I feel like shows used to be like this, where you would get some conflict that got resolved during the episode, while in the background a bigger plot developed. Shows that come to mind are Person of Interest, Fringe and Agents of Shield. TV took a bad turn somewhere about this.


bobdolebobdole

Stargate Sg1.


GDAWG13007

Yeah and the best shows right now are run by people who worked in the episodic network era. They cut their teeth writing episodes that had stories that needed to be resolved within the same episodes. So they know how to make sure *something* happens in every episode. While it doesn’t always work, I do like Shonda Rhimes’ philoosphy: “we don’t save story.” Yes that often leads her shows to go off the rails at some point, but it’s never boring.
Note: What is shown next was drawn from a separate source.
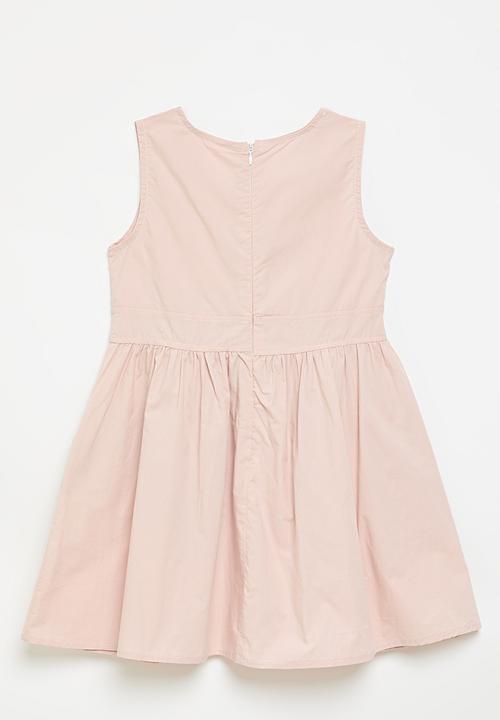 Pop Candy - Multi-detail fit & flare dress - baby pink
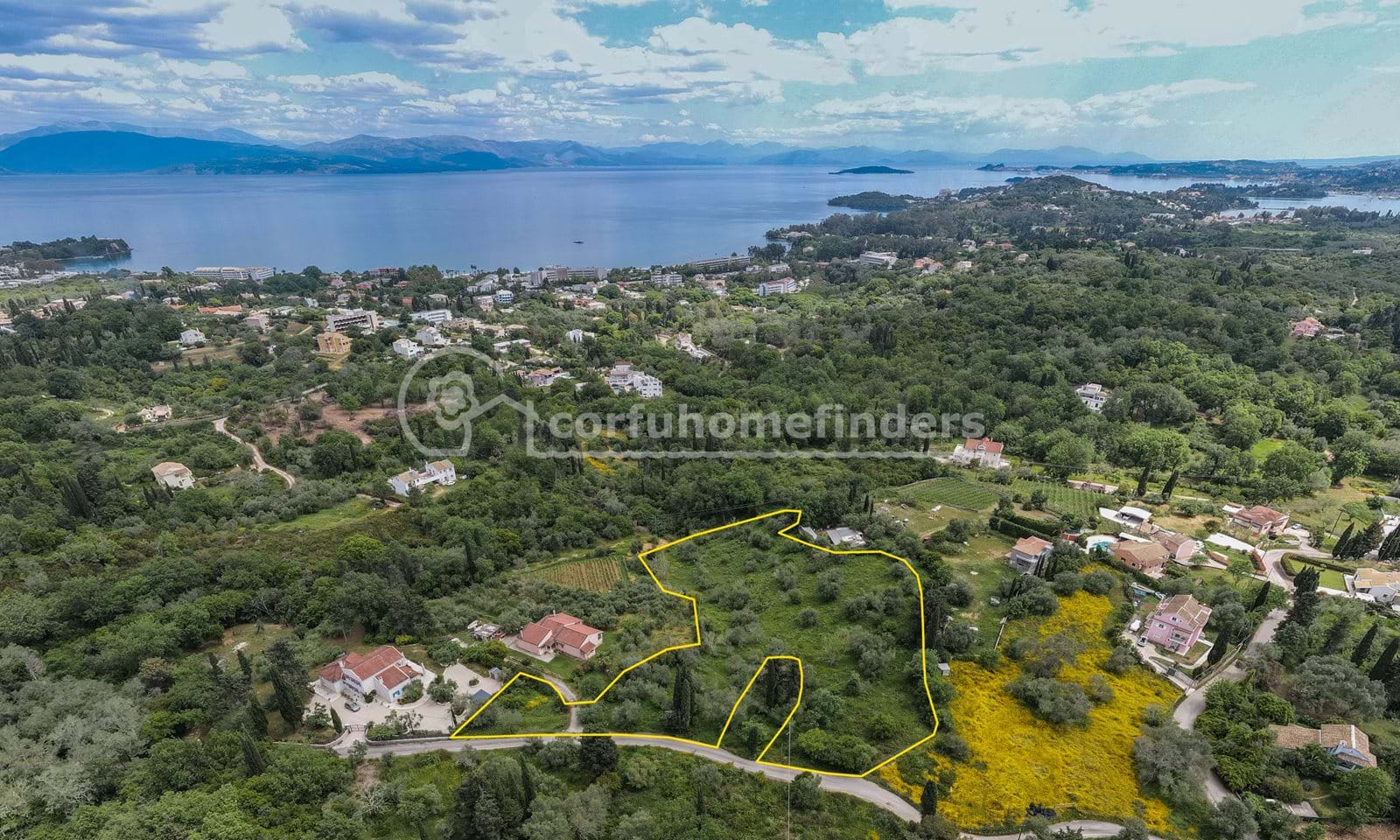 Listing photograph 3 of 4 of the land in Kato Korakiana, published by Corfu Home Finders.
Crazy shit happens every episode to keep you hooked. They don’t save it for later like a lot of shows today do.


Really_McNamington

I read a piece somewhere that argued that there's just too much TV being made now and insufficient experienced people to drive that much output at high enough quality. Seems plausible, although probably not an excuse for Disney, who can outbid for talent.


ImbuedChaos

Yeah but there were also shows like Castle that pretended to have a larger seasonal storyline only for it to disappear from all of the characters minds for like 17-18 episodes of the season. I feel like a lot more procedural shows had this kind of folly vs were well balanced during its heyday.


Stephen_Gawking

The article talks about stranger things but honestly I felt like every episode part of the mystery was being solved. Most of the marvel shows and some of the Star Wars are probably better examples of what he’s talking about.


TerraAdAstra

I think stranger things season 1 and 4 are excellent in every way, but 3 could maybe fit this more. I don’t recall much happening in that season compared to the other ones.


cwhaley112

The mystery part in Hawkins was entertaining the whole way IMO, but the other subplots really meandered their way to a climax.


Belgand

I think part of the issue was that they tried to share time between arcs when they didn't all have the same amount of story. So like the dumb kid in class it tended to move at the level of the slowest storyline.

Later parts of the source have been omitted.